After her May 1979 election win, Thatcher initiated a number of free-market reforms, including the abandonment of price and foreign exchange controls. However, the key period in Thatcher’s prime ministership was 1981. Worldwide recession meant that Britain’s unemployment rate was approaching three million, there were riots in several British cities, her opinion poll ratings had plummeted and 364 economists wrote an open letter to The Times arguing that her policies would never work. Most politicians would have decided that the path to political survival lay through compromise, but not Thatcher. As she told the Tory conference in 1981 ‘U-turn if you want to, the lady’s not for turning’, words which every contemporary politician should recite when handed the latest focus group results.
She was proven right when, by the time she went back to the polls in June 1983, the economy was showing signs of improvement and her stature had been enhanced by her resolute response in the Falklands. She won the 1983 election with a majority of 144 seats, the biggest majority since 1945, and was returned again with a handsome majority of 102 in 1987.
By 1988, she had reduced the top marginal tax rate, which was 83 per cent (with a 15 per cent surcharge bringing it to 98 per cent on ‘unearned’ income) when she came to power, to 40 per cent (with no surcharge) and also cut the basic rate from 33 per cent to 25 per cent. She had embarked on a series of privatisations, first of state-owned businesses (including British Telecom, British Airways, British Leyland, Rolls-Royce and parts of British Steel) and then of public utilities. The resulting wider share ownership complemented the mass sale of council houses and went some way towards breaking down the rigid British class distinction between capitalists and workers. This was deep reform attempting to change British culture, which had been moving on an anti-capitalist trajectory for many decades.

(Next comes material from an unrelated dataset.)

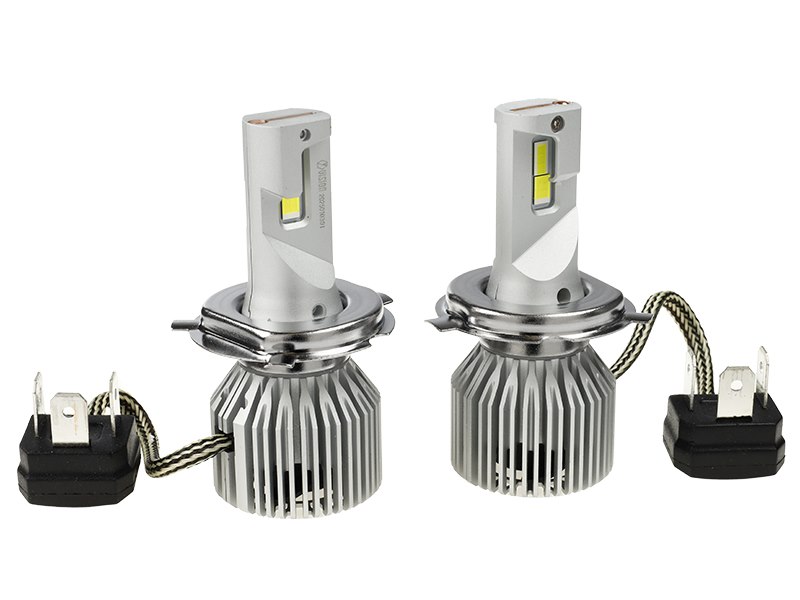 83311 VISION - OŚWIETLENIE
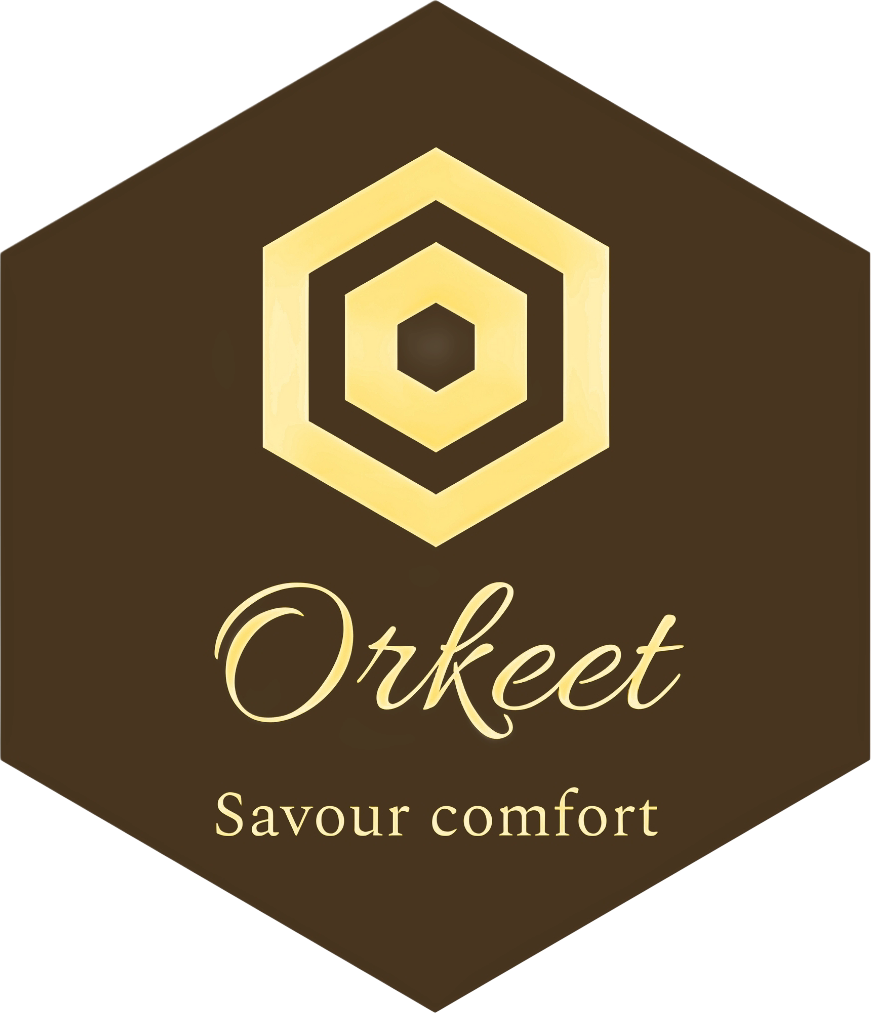 Orkeet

Thatcher’s impact was not confined to Britain. She was one of the big three, along with US president Ronald Reagan and Pope John Paul II, who confidently asserted the moral superiority of the West in the Cold War. As early as 1976, the Soviets dubbed her the ‘Iron Lady’—it was a badge she wore with pride. She was also the first to realise that in Mikhail Gorbachev the Soviets had a leader with whom the West could ‘do business’, and Reagan was prepared to take her word for it. By the end of her time in power the Berlin Wall had fallen, although it should be noted that she opposed German reunification, one of a number of quixotic judgments which clouded her third term.

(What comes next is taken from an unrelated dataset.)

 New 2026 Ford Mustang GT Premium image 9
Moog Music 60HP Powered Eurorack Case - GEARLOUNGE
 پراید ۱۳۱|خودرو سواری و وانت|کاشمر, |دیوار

However, nothing became her as much as her final day in the Commons as prime minister in November 1990, after she had accepted that she would not fight on against her party room challengers. If ever there was a political performance combining grace, style and substance it was this one. Without any of the self-pity other recent leaders have shown in such situations, she was able to speak with pride about what she had achieved and deal light-heartedly, but decisively, with interjections from the Labour side, prompting her at one point to comment that ‘I’m enjoying this.’ Her opponents may not have shared her enjoyment, but helping to liberate the peoples of Eastern Europe from communist oppression and wresting control of the British economy from the trade union movement were, without doubt, profoundly beneficial to millions of people.